Dataset excerpts:
----

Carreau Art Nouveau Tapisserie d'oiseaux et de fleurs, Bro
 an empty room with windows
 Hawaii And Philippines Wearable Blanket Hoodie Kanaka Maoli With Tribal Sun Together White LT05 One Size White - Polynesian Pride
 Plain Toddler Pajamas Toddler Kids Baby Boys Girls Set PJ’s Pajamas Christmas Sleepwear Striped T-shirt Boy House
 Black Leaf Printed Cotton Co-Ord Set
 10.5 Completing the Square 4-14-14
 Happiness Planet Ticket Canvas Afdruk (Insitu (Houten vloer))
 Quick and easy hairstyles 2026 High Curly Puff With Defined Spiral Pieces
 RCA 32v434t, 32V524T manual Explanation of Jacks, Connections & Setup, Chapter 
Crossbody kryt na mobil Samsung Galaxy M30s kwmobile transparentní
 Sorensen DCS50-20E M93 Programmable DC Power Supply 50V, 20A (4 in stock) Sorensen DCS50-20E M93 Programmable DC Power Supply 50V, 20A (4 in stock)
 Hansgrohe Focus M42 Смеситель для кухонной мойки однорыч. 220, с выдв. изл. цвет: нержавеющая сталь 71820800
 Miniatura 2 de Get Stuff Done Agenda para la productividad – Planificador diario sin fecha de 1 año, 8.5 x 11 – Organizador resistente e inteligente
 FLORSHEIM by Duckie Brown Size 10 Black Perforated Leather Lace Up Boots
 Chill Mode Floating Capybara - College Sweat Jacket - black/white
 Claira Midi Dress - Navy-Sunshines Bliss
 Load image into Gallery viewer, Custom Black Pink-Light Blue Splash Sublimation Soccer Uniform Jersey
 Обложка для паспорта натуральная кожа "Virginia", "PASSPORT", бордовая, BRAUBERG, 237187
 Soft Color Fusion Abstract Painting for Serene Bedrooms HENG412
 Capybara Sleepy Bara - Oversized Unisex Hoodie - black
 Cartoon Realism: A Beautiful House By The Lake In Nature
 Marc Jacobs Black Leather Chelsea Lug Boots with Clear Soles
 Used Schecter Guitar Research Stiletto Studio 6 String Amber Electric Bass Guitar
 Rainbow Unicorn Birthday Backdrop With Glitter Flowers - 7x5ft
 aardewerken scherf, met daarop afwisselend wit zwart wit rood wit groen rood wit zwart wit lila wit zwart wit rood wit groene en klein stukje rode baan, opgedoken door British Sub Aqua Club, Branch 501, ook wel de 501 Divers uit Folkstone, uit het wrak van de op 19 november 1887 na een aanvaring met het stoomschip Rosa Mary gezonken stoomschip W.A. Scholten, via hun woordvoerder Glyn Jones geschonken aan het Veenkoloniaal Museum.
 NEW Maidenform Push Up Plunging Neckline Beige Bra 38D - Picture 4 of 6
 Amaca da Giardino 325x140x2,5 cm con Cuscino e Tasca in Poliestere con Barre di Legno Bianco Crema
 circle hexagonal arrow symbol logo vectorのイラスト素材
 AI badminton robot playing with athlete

----

What to do:
Output the entire listing above, character for character.

Reply to the exercise:
Carreau Art Nouveau Tapisserie d'oiseaux et de fleurs, Bro
 an empty room with windows
 Hawaii And Philippines Wearable Blanket Hoodie Kanaka Maoli With Tribal Sun Together White LT05 One Size White - Polynesian Pride
 Plain Toddler Pajamas Toddler Kids Baby Boys Girls Set PJ’s Pajamas Christmas Sleepwear Striped T-shirt Boy House
 Black Leaf Printed Cotton Co-Ord Set
 10.5 Completing the Square 4-14-14
 Happiness Planet Ticket Canvas Afdruk (Insitu (Houten vloer))
 Quick and easy hairstyles 2026 High Curly Puff With Defined Spiral Pieces
 RCA 32v434t, 32V524T manual Explanation of Jacks, Connections & Setup, Chapter 
Crossbody kryt na mobil Samsung Galaxy M30s kwmobile transparentní
 Sorensen DCS50-20E M93 Programmable DC Power Supply 50V, 20A (4 in stock) Sorensen DCS50-20E M93 Programmable DC Power Supply 50V, 20A (4 in stock)
 Hansgrohe Focus M42 Смеситель для кухонной мойки однорыч. 220, с выдв. изл. цвет: нержавеющая сталь 71820800
 Miniatura 2 de Get Stuff Done Agenda para la productividad – Planificador diario sin fecha de 1 año, 8.5 x 11 – Organizador resistente e inteligente
 FLORSHEIM by Duckie Brown Size 10 Black Perforated Leather Lace Up Boots
 Chill Mode Floating Capybara - College Sweat Jacket - black/white
 Claira Midi Dress - Navy-Sunshines Bliss
 Load image into Gallery viewer, Custom Black Pink-Light Blue Splash Sublimation Soccer Uniform Jersey
 Обложка для паспорта натуральная кожа "Virginia", "PASSPORT", бордовая, BRAUBERG, 237187
 Soft Color Fusion Abstract Painting for Serene Bedrooms HENG412
 Capybara Sleepy Bara - Oversized Unisex Hoodie - black
 Cartoon Realism: A Beautiful House By The Lake In Nature
 Marc Jacobs Black Leather Chelsea Lug Boots with Clear Soles
 Used Schecter Guitar Research Stiletto Studio 6 String Amber Electric Bass Guitar
 Rainbow Unicorn Birthday Backdrop With Glitter Flowers - 7x5ft
 aardewerken scherf, met daarop afwisselend wit zwart wit rood wit groen rood wit zwart wit lila wit zwart wit rood wit groene en klein stukje rode baan, opgedoken door British Sub Aqua Club, Branch 501, ook wel de 501 Divers uit Folkstone, uit het wrak van de op 19 november 1887 na een aanvaring met het stoomschip Rosa Mary gezonken stoomschip W.A. Scholten, via hun woordvoerder Glyn Jones geschonken aan het Veenkoloniaal Museum.
 NEW Maidenform Push Up Plunging Neckline Beige Bra 38D - Picture 4 of 6
 Amaca da Giardino 325x140x2,5 cm con Cuscino e Tasca in Poliestere con Barre di Legno Bianco Crema
 circle hexagonal arrow symbol logo vectorのイラスト素材
 AI badminton robot playing with athlete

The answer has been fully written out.